DISCOVERY OF THE MEAN PROPORTIONAL BY means of these same lines.

Operation XIV.

ith the help of these Lines and their divisions we can with great ease find between two lines, or two numbers, the mean proportional line or number, in this manner. Let the two given numbers, or the two measured lines, be for example 36 and 16; take with a compass the length of one, say 36, and opening the Instrument fit that to points 3636 of the Geometric Lines; then without moving the Instrument take the distance between points 16-16 of the same Lines and measure this along the same scale, finding it to be 24 graduations, which is precisely the mean proportional number between 36 and 16. Note that to measure the given lines we may make use not only of the scale marked on the Instrument, but of any other whatever when that of our Instrument is too small for our purposes.
      Note furthermore that when the lines and the numbers that measure them are very large (that is, exceed 50 which is the largest number marked on our Geometric Lines), our intent can nevertheless be carried out by operating with [aliquot] parts of the given numbers, or with other smaller numbers having the same ratio as the original numbers; and the rule is this.
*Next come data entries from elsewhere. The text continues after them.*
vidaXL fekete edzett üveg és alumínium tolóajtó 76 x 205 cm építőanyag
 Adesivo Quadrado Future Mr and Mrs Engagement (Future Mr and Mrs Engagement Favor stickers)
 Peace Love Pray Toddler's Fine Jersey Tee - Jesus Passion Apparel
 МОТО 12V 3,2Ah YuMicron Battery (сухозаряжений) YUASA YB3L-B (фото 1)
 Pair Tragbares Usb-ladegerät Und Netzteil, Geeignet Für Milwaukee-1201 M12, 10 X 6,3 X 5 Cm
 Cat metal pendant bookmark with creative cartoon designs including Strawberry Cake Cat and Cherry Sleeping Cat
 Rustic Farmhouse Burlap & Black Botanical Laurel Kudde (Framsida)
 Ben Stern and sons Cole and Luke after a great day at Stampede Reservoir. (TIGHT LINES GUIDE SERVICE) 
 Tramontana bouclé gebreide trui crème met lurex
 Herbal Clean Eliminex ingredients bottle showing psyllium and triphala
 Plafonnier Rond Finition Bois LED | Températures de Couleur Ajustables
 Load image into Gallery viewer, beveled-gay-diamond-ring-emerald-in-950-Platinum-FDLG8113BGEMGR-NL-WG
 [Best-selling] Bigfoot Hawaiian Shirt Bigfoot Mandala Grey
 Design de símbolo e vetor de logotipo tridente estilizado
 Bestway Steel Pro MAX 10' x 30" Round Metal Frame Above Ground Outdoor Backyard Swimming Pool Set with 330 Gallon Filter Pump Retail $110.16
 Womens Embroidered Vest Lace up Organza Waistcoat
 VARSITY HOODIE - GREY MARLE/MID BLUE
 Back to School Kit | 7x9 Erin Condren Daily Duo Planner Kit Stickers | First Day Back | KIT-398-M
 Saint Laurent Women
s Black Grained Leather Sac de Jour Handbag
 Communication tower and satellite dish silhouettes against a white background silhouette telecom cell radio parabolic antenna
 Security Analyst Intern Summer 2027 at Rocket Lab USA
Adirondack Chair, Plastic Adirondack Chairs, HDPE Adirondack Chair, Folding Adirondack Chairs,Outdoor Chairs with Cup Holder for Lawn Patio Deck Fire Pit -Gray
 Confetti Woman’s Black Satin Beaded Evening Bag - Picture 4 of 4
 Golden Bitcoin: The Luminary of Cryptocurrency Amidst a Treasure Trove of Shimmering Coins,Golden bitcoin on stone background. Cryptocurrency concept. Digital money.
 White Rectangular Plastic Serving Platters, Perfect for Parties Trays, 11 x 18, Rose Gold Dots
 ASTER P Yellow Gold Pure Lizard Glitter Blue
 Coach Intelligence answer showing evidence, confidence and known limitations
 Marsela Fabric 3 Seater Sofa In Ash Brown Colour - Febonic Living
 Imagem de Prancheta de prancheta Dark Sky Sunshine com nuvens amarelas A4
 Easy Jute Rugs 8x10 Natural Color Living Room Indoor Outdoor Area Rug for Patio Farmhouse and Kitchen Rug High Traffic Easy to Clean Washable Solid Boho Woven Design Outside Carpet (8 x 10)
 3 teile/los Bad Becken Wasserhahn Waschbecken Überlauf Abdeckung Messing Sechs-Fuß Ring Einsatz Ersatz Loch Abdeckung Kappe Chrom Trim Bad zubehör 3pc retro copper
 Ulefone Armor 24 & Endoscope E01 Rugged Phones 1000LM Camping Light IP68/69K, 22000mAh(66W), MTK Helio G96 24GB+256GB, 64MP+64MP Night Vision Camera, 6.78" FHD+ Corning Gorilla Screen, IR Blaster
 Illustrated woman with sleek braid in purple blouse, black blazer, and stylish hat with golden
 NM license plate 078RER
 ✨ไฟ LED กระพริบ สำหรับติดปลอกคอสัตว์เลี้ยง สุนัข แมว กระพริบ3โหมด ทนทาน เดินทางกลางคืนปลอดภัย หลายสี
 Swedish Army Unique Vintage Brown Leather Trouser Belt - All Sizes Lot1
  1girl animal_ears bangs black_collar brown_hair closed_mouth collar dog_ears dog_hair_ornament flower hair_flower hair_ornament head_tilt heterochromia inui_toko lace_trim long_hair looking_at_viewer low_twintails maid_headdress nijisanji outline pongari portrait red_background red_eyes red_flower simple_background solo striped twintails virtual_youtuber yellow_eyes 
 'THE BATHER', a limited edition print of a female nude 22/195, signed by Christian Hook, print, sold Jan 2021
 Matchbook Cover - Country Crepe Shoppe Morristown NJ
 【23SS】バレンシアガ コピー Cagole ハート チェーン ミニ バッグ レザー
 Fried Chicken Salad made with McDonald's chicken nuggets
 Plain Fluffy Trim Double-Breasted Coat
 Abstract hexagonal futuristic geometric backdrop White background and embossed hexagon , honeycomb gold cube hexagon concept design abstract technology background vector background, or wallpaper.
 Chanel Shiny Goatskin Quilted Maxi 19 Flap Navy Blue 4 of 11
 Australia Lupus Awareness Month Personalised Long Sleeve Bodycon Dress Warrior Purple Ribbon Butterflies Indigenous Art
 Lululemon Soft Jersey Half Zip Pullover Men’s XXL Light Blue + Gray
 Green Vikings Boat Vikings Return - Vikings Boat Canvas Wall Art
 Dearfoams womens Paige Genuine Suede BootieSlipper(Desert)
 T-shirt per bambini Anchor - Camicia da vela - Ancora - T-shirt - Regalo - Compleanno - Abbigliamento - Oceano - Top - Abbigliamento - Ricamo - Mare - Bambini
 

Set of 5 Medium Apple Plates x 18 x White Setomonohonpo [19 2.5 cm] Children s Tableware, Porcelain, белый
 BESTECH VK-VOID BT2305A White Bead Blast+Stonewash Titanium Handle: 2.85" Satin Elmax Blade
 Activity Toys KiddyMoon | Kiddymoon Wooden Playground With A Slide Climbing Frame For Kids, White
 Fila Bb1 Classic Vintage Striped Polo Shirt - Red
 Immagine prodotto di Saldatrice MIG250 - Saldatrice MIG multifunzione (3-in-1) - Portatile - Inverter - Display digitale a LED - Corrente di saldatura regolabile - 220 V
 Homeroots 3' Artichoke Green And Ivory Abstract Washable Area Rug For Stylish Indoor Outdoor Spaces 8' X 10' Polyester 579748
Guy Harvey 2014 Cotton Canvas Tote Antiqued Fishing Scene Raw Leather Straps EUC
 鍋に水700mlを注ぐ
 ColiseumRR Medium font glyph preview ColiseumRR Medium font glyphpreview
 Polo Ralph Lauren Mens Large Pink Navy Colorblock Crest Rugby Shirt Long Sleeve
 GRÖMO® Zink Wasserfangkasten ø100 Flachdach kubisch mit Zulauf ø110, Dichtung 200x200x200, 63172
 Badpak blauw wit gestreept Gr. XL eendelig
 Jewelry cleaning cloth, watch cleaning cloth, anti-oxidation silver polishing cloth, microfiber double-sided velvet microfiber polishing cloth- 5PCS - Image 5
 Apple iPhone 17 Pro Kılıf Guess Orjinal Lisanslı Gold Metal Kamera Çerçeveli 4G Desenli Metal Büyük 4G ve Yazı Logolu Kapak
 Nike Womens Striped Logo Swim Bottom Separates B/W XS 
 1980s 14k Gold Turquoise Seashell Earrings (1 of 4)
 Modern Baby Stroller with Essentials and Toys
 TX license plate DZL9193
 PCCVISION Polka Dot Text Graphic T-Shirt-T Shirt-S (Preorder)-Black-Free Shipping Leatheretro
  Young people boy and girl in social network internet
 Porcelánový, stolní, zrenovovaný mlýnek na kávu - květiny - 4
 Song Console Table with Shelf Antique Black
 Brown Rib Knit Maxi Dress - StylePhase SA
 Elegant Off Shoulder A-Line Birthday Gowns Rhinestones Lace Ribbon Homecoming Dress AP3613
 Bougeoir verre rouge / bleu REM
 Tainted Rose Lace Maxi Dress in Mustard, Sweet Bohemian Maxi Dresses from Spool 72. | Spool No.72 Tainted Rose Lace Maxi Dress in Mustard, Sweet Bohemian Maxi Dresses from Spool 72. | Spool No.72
Say that we want to find the mean proportional number between 144 and 81, both of which exceed 50. Take 144 lengthwise along the Arithmetic Lines, to be applied crosswise on the Geometric Lines; since there is no number in the latter that large, I shall in imagination take a part of this number 144, which shall be (say) one-third or 48, and then fit the distance so taken crosswise to points 48-48 of the Geometric Lines. Then, thinking of one-third of 81 (the other given number), which is 27, 1 shall take that number crosswise on the same Geometric Lines, and this, measured along the Arithmetic, will give me the mean proportional sought, which is 108.